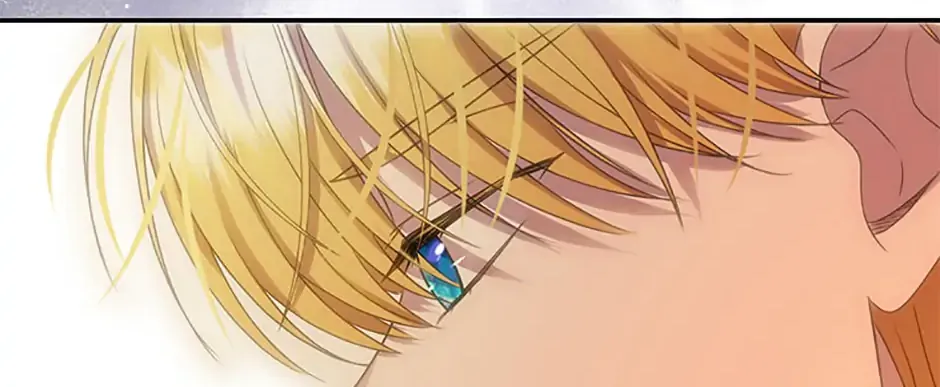 Read Materialistic Lady chapter 84 image 82 on Lezhin
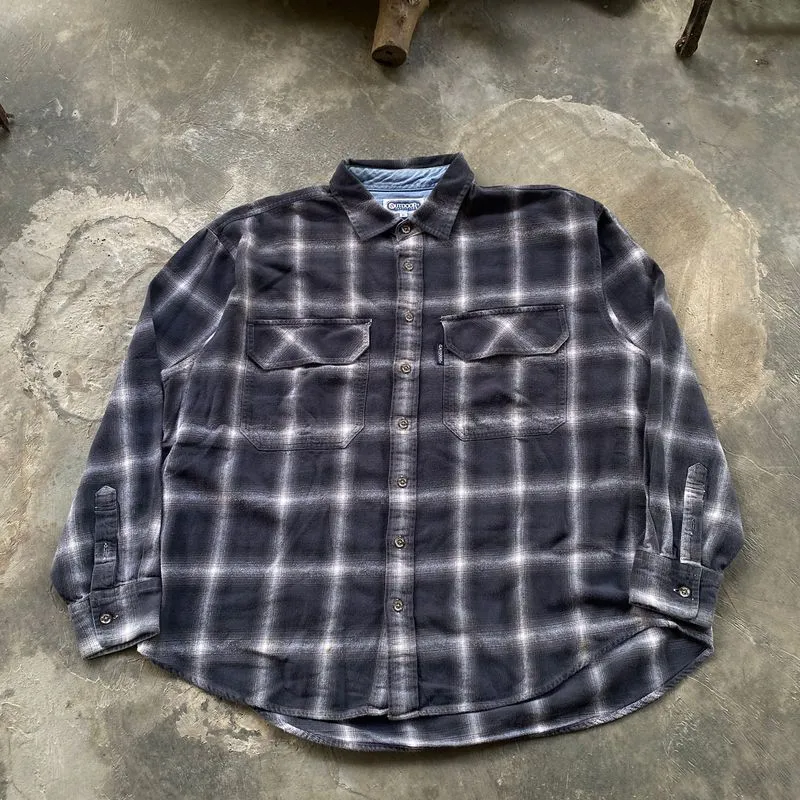 veterano shirt by outdoor photo 1
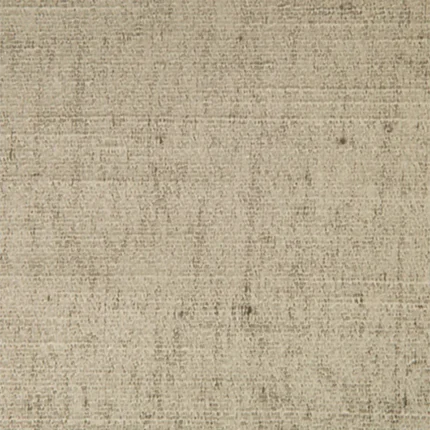 Roman Shades | Sand Texture Taupe - Regular (Webp) | Curtain Avenue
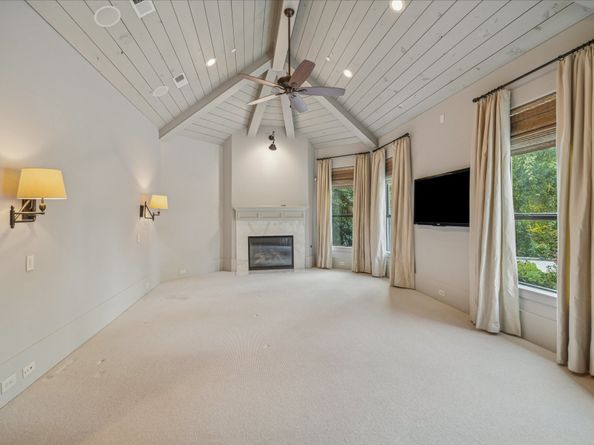 1006 River Glynn Drive, Hunters Creek Village TX 77063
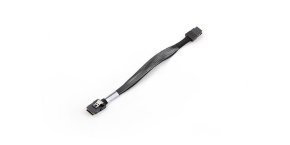 Synology Internal MiniSAS Cable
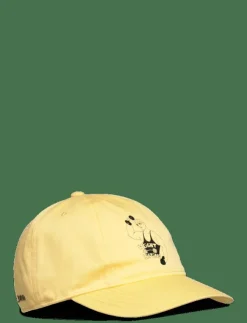 Barn Mini Rodini Kepsar|Weight lifting sp cap - Kepsar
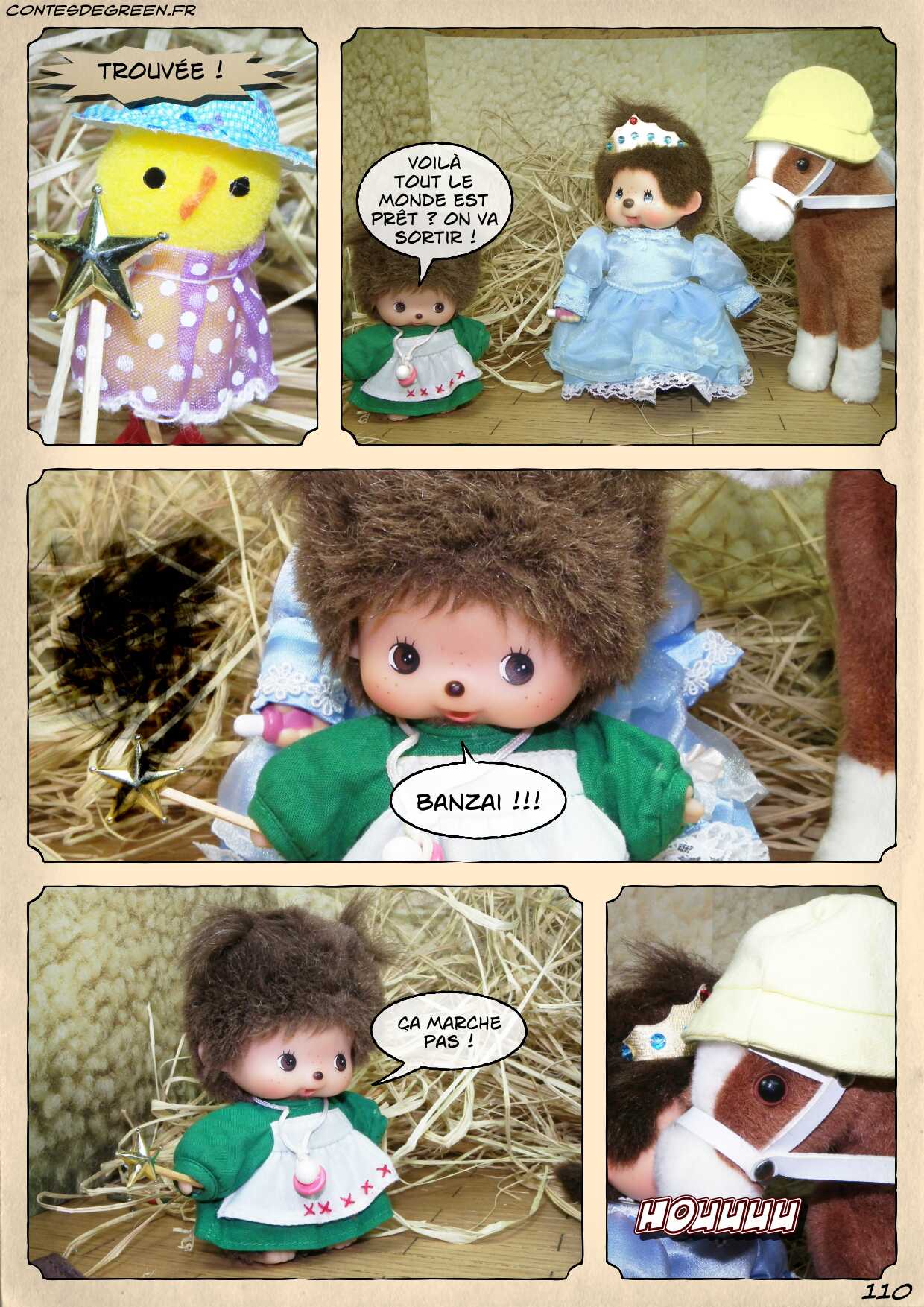 cendrillon-partie3-p20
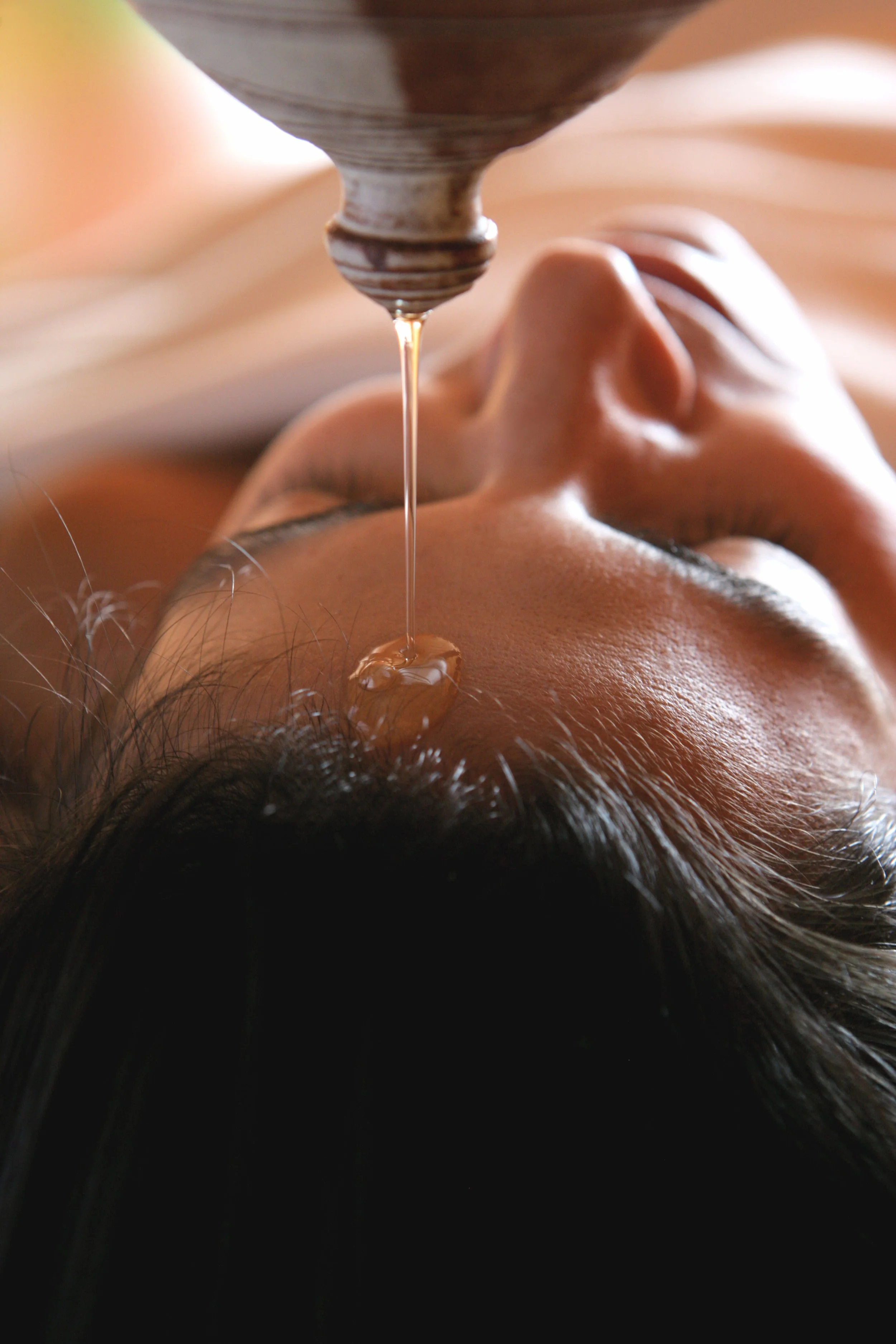 panchakarma - cure ayurvédique en Inde (Kerala)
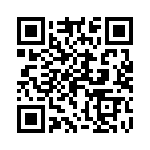 8382-3SG-516 QRCode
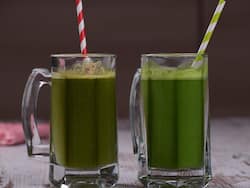 Juice for Thyroid: थायराइड रोगों को दूर करते हैं ये खास प्रकार के जूस, जानें कैसे करें सेवन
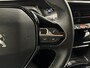 Peugeot e-208 EV GT 350 50 kWh NAVI CARPLAY 13000 KM SOH 100%.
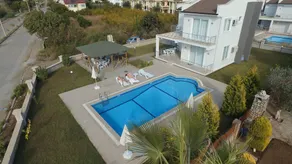 Lighthouse Tulip Villas - Image 3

▸ **To do**
Output every entry exactly as given; pictures are not part of the copy.

▸ **Problem solution**
 Read Materialistic Lady chapter 84 image 82 on Lezhin
 veterano shirt by outdoor photo 1
 Roman Shades | Sand Texture Taupe - Regular (Webp) | Curtain Avenue
 1006 River Glynn Drive, Hunters Creek Village TX 77063
 Synology Internal MiniSAS Cable
 Barn Mini Rodini Kepsar|Weight lifting sp cap - Kepsar
 cendrillon-partie3-p20
 panchakarma - cure ayurvédique en Inde (Kerala)
 8382-3SG-516 QRCode
 Juice for Thyroid: थायराइड रोगों को दूर करते हैं ये खास प्रकार के जूस, जानें कैसे करें सेवन
 Peugeot e-208 EV GT 350 50 kWh NAVI CARPLAY 13000 KM SOH 100%.
 Lighthouse Tulip Villas - Image 3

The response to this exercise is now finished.